Continued on the front page F term (reference) 2H040 BA09 CA04 CA09 CA10 GA02 GA05 4C061 AA07 AA11 AA12 AA13 AA15 BB02 CC06 DD00 FF07 FF46 LL02 MM01 MM03 NN01 QQ09 RR04 RR14 RR18 RR26

Claims (4)

[Claims] 1. An electronic endoscope detachably connected to a processor, comprising: a monochrome image sensor; and a white light separating / separating a white light in a time-series at a predetermined cycle for each color component of a three-color system. A color separation unit to be extracted; a first light transmission unit that transmits light from a light source provided in the light source device to the color separation unit; a color separation unit that is transmitted by the first light transmission unit.

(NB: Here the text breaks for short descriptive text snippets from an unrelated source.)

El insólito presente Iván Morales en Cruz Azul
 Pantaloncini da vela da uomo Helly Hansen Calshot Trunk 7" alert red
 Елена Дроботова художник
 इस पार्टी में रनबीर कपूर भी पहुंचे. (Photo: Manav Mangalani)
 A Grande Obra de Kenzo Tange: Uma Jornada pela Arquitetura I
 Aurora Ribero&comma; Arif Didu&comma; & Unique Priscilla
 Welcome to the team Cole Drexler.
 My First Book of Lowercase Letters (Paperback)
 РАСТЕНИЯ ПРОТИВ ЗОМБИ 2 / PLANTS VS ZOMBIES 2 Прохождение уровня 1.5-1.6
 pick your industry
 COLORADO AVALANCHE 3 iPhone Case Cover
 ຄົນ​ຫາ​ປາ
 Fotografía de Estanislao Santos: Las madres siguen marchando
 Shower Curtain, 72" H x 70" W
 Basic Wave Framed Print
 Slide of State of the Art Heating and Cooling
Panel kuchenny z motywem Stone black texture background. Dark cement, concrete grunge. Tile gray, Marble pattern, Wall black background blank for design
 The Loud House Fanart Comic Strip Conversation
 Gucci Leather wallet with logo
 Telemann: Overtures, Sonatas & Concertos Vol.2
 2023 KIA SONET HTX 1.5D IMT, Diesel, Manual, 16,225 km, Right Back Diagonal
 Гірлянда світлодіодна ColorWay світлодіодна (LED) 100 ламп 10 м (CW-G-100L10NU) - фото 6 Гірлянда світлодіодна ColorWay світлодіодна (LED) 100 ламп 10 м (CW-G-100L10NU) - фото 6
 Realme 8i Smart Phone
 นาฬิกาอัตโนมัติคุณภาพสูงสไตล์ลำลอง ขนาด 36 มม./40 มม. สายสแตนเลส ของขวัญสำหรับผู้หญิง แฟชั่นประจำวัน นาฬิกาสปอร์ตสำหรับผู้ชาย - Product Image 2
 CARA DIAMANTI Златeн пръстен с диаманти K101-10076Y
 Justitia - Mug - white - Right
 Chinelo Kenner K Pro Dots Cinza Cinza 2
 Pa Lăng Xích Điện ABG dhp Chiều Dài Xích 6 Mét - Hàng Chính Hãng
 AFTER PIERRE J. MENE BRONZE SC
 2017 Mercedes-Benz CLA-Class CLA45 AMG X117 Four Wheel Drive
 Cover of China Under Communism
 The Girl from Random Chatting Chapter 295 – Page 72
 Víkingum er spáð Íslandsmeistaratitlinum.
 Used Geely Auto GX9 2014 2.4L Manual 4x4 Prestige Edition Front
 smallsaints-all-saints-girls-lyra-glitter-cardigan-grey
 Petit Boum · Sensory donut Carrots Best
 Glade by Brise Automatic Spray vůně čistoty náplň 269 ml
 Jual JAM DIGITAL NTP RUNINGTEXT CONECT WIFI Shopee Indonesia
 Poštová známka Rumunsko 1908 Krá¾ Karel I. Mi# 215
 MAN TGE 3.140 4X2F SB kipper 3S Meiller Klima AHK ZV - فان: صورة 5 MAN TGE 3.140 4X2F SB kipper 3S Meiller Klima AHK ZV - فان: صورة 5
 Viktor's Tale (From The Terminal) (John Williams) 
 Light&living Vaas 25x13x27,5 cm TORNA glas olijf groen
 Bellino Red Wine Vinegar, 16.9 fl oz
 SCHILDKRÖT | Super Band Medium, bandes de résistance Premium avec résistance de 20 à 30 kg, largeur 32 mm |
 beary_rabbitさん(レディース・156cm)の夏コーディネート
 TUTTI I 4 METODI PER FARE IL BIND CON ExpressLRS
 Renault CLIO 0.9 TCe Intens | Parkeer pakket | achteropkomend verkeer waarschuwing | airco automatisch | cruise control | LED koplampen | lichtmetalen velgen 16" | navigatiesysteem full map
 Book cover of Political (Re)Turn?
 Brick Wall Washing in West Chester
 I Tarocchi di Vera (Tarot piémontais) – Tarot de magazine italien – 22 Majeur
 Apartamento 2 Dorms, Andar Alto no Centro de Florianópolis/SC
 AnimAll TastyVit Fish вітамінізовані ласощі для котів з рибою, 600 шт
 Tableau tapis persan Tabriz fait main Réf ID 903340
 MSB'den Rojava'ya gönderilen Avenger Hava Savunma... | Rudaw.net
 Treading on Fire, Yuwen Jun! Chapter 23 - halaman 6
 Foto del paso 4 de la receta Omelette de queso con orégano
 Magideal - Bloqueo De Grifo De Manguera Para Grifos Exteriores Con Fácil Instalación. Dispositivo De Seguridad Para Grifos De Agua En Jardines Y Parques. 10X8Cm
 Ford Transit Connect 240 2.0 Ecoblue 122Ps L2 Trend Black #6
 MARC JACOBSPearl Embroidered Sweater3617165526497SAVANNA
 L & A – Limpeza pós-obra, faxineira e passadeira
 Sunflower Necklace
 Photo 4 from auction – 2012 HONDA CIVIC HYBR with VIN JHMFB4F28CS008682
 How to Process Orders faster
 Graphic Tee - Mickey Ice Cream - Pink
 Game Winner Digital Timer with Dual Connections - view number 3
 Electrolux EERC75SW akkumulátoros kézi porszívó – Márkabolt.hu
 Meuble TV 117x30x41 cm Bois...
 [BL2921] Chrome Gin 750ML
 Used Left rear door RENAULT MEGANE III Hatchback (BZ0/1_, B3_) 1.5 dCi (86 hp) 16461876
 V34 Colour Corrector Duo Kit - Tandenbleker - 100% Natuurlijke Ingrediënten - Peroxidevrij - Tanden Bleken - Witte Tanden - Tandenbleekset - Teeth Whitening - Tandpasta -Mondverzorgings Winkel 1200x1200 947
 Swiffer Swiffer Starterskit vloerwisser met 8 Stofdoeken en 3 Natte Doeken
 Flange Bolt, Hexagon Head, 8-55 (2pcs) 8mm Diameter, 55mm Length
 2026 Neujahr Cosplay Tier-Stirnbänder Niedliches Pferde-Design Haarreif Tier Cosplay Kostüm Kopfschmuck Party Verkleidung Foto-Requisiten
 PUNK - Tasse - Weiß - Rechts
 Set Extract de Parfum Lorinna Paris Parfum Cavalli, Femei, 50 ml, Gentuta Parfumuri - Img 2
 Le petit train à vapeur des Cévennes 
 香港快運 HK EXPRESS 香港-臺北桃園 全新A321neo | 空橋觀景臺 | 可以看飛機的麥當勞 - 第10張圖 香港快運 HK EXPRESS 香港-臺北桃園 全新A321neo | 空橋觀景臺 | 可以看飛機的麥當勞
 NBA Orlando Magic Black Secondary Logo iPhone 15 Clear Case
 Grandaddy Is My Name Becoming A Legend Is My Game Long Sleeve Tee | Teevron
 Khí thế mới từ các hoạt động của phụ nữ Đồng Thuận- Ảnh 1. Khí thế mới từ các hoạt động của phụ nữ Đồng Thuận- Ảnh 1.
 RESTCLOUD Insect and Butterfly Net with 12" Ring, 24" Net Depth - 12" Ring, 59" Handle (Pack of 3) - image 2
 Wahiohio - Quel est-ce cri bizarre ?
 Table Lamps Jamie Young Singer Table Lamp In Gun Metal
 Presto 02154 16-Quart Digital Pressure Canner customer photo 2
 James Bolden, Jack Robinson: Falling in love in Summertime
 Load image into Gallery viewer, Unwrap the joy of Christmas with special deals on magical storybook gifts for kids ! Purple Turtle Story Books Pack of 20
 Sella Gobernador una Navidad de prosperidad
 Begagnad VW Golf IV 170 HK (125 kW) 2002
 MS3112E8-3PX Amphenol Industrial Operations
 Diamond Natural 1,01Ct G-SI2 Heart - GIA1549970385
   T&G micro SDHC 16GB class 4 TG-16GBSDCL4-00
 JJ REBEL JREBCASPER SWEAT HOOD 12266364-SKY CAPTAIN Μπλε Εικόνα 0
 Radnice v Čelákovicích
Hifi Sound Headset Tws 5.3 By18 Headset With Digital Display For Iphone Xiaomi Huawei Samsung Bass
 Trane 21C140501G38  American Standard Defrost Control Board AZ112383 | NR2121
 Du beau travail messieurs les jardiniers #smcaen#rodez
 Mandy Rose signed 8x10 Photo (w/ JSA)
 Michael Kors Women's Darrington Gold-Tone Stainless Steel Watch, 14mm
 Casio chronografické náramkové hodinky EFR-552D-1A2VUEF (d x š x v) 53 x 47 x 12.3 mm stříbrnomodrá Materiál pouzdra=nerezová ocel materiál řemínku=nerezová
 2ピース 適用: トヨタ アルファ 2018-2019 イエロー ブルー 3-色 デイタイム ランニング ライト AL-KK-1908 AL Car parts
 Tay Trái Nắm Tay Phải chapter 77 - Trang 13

In the second, the light from the light source separated for each of the color components in a time series at the predetermined cycle is transmitted to a distal end portion of the electronic endoscope, and irradiated as illumination light for each of the color components.
And a light transmission unit, wherein the image pickup device captures a monochrome image for each color component in accordance with the predetermined cycle with the illumination light for each color component, and an image of a color image synchronized based on the monochrome image. An electronic endoscope comprising: a frame sequential imaging unit that generates a signal. 2. The electronic endoscope according to claim 1, wherein each color component of the three-color system is red, green, and blue. 3. A color separation filter, comprising: a color separation filter provided with three openings at predetermined intervals along a circumference of a rotating disk; and a color filter provided in each of the openings to separate the color component. A rotation driving device that rotates the color separation filter at a predetermined cycle around the center of the disk, wherein the light from the first optical transmission unit emits the color with the rotation of the color separation filter. 2. The electronic endoscope according to claim 1, wherein the light of each color component is separated and extracted by sequentially transmitting the filters in a time series. 4. An electronic endoscope system comprising the electronic endoscope according to claim 1.